Source code for quantify_scheduler.backends.zhinst.resolvers

# Repository: https://gitlab.com/quantify-os/quantify-scheduler
# Licensed according to the LICENCE file on the main branch

from __future__ import annotations

from typing import TYPE_CHECKING

from quantify_scheduler.backends.zhinst import helpers as zi_helpers

if TYPE_CHECKING:
    import numpy as np
    from zhinst import qcodes




def monitor_acquisition_resolver(uhfqa: qcodes.UHFQA, monitor_nodes: tuple[str, str]) -> np.ndarray:
    """
    Returns complex value of UHFQA Monitor nodes.

    This acquisition resolver corresponds to measuring a time trace of the input on the
    I channel (input 1) and Q channel (input 2).

    Parameters
    ----------
    uhfqa
    monitor_nodes

    """
    (node_i, node_q) = monitor_nodes
    results_i = zi_helpers.get_value(uhfqa, node_i)
    results_q = zi_helpers.get_value(uhfqa, node_q)
    return results_i + 1j * results_q





def result_acquisition_resolver(uhfqa: qcodes.UHFQA, result_nodes: tuple[str, str]) -> np.ndarray:
    """
    Returns complex value of UHFQA Result nodes.

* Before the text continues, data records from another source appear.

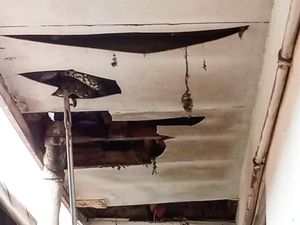 Kenapa Ular Ada di Plafon Rumah? Ini Cara Pencegahan dan Cara Mengusirnya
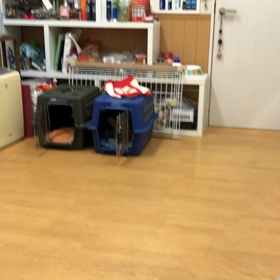 午前中は機嫌が良いパー子。の画像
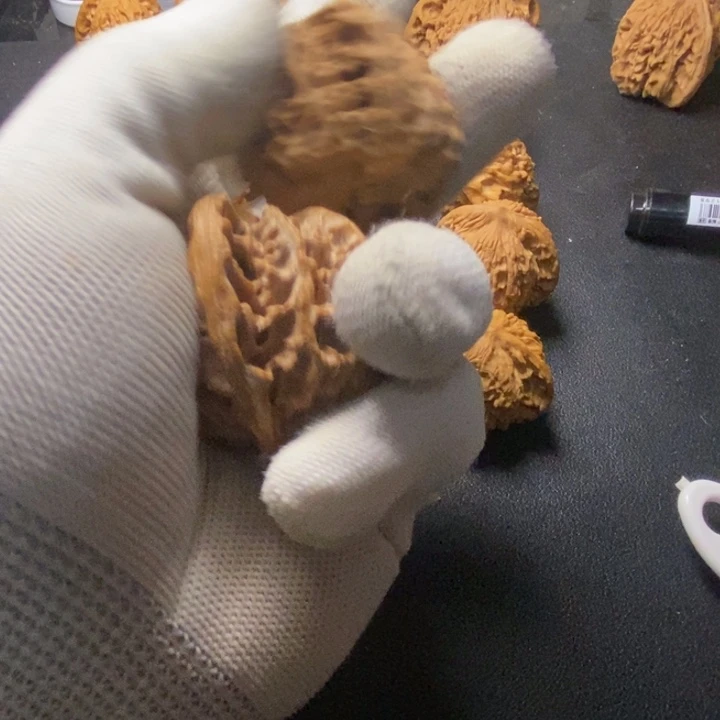 金***领骨质密度绝对没问题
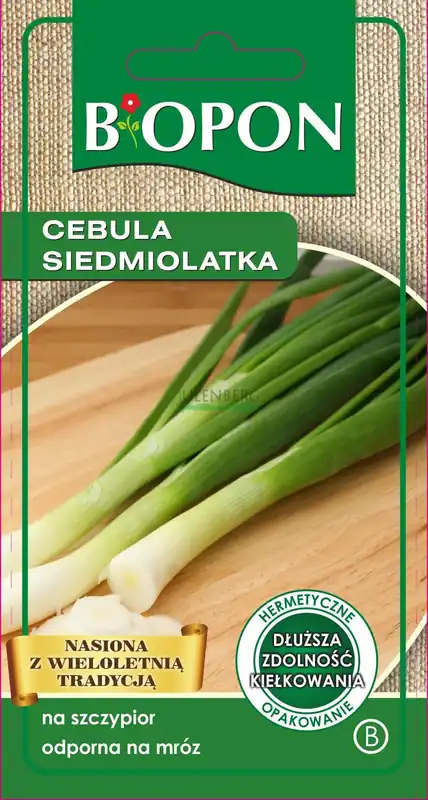 Darmowa dostawa BOPON - CEBULA SIEDMIOLATKA - NASIONA 0,5G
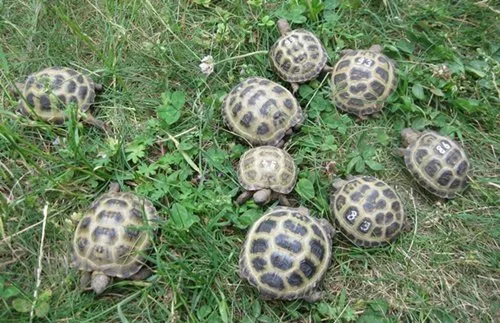 Vierzehenschildkröten / Steppenschildkröten NZ 2025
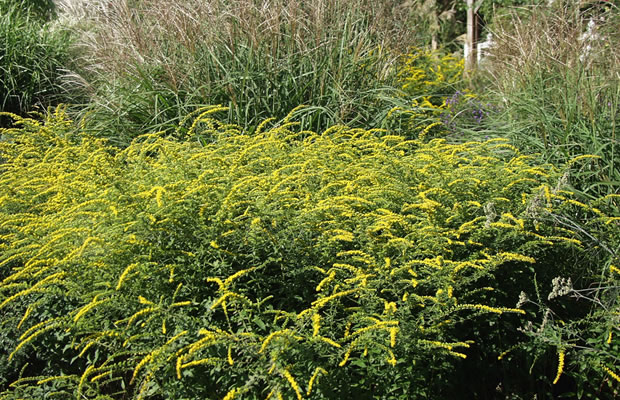 Bild von Solidago rugosa ‚Fireworks‘ – Goldrute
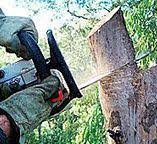 Best Tree Risk Assessment  in High Ridge, MO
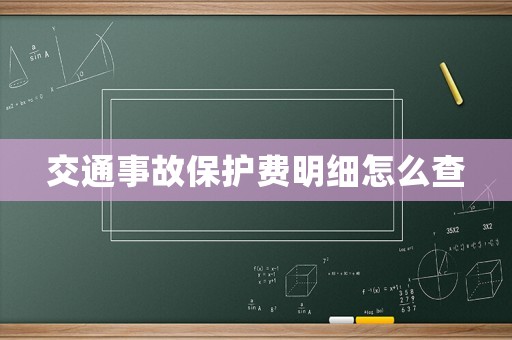 交通事故保護(hù)費(fèi)明細(xì)怎么查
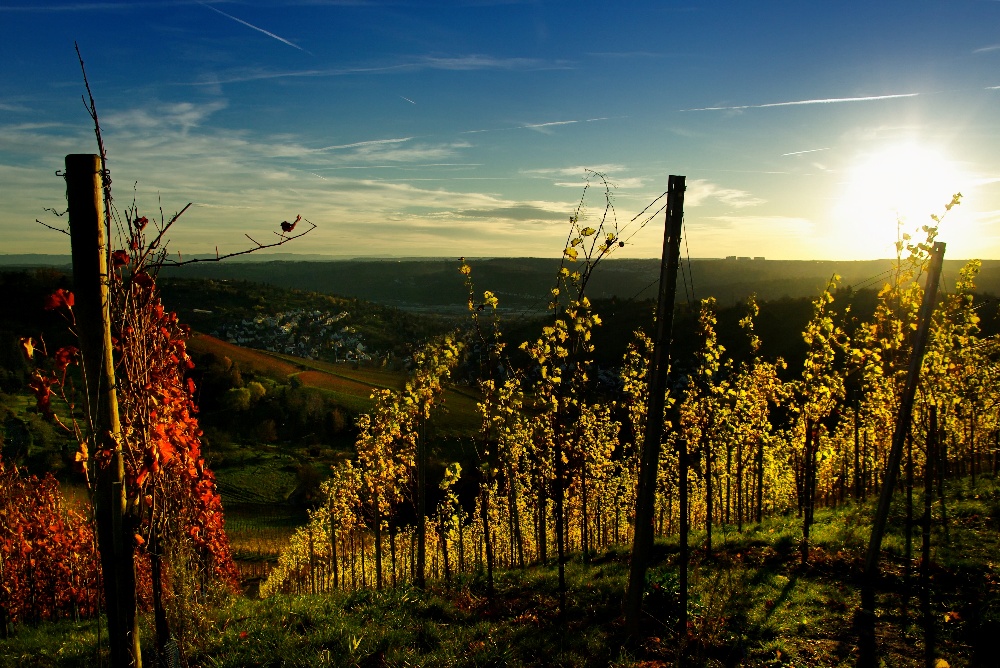 Riesling und Trollinger nach der Weinlese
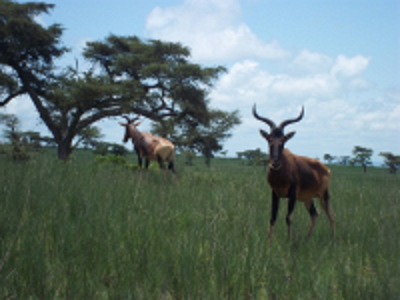 Standaard route Ethiopië, 29 dagen - Day 27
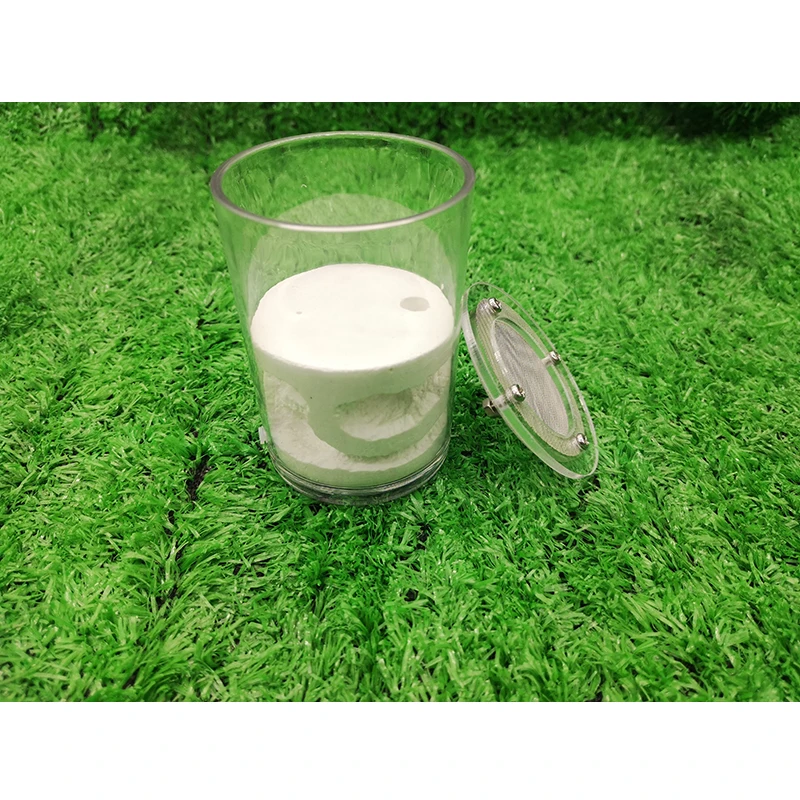 Маленькая чашка акрилового покрытия гипса насекомых гнезда муравьев фермы дом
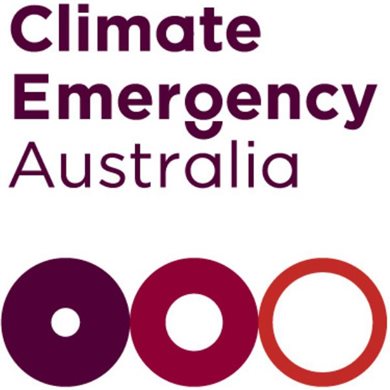Governing in Climate Emergency - training for Leaders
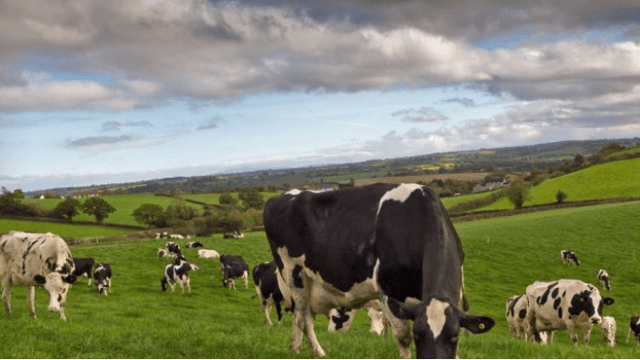 Creed confirms details of Johne’s Control Programme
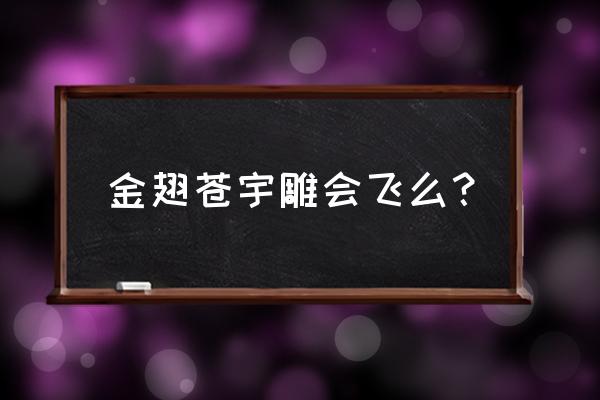 金翅苍宇雕的饲料怎么获得 金翅苍宇雕会飞么？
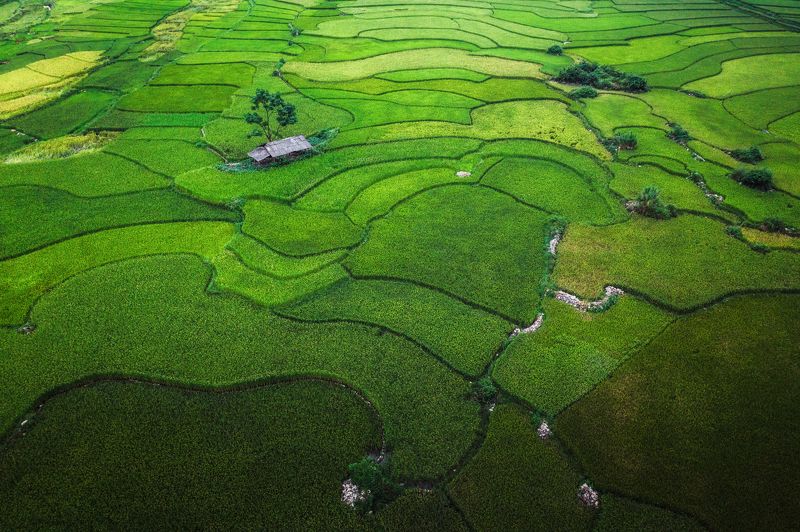 Patternsphoto preview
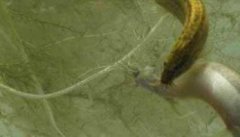 台湾泥鳅的成长速度为什么很快
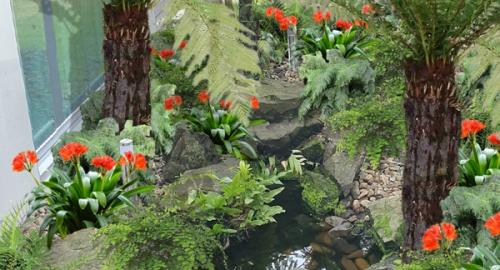 Create a lush, low maintence and interesting feature garden for you to enjoy all year round.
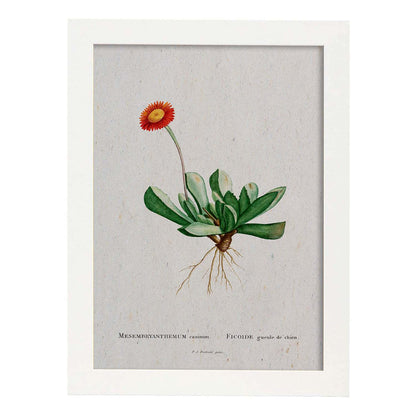 Lámina Naturaleza - 018. Pósters con ilustraciones en acuarela de Pierre-Joseph Redouté.-Artwork-Nacnic-A4-Marco Blanco-Nacnic Estudio SL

    Note that it needs two nodes to return a complex valued result.
    For optimal weights one can ignore the imaginary part.

    Parameters
    ----------
    uhfqa
    result_nodes

    """
    vals_node0 = zi_helpers.get_value(uhfqa, result_nodes[0])
    vals_node1 = zi_helpers.get_value(uhfqa, result_nodes[1])

    # the ZI API keeps the contributions of both weight functions separate
    # here we combine them so they correspond to the I and Q components.
    vals_i = vals_node0.real + vals_node0.imag
    vals_q = vals_node1.real + vals_node1.imag

    results = vals_i + 1j * vals_q

    return results